■ **PROBLEM**: What is the number of lines below that include the string "Wear"? Provide that number alone.

■ **SOURCE RECORDS**:
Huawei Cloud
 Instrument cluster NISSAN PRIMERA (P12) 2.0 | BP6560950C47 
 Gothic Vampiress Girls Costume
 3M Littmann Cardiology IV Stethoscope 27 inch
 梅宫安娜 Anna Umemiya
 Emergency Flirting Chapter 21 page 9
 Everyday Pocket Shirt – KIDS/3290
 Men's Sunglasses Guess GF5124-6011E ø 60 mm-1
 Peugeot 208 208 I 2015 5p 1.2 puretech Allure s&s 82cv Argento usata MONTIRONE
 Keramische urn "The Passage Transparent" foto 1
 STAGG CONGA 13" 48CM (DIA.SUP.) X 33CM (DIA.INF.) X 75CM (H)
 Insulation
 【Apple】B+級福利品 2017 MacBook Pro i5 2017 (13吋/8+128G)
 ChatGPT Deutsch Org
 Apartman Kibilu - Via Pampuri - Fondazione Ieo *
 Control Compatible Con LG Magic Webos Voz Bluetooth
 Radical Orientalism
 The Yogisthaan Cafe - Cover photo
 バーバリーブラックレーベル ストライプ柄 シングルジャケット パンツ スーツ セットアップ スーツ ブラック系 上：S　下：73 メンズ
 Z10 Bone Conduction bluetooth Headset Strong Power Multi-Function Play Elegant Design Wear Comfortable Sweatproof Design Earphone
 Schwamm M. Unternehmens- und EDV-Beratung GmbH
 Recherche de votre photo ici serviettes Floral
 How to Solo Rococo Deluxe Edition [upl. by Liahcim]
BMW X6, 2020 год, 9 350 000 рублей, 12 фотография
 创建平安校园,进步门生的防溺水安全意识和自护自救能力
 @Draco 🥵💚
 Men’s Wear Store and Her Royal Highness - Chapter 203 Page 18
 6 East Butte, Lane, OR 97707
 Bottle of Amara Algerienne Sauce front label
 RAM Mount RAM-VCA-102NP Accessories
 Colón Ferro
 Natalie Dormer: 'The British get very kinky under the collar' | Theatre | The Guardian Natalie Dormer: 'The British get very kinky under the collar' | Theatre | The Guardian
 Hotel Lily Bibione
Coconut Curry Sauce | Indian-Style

■ **ANSWER TO THE PROBLEM**: 2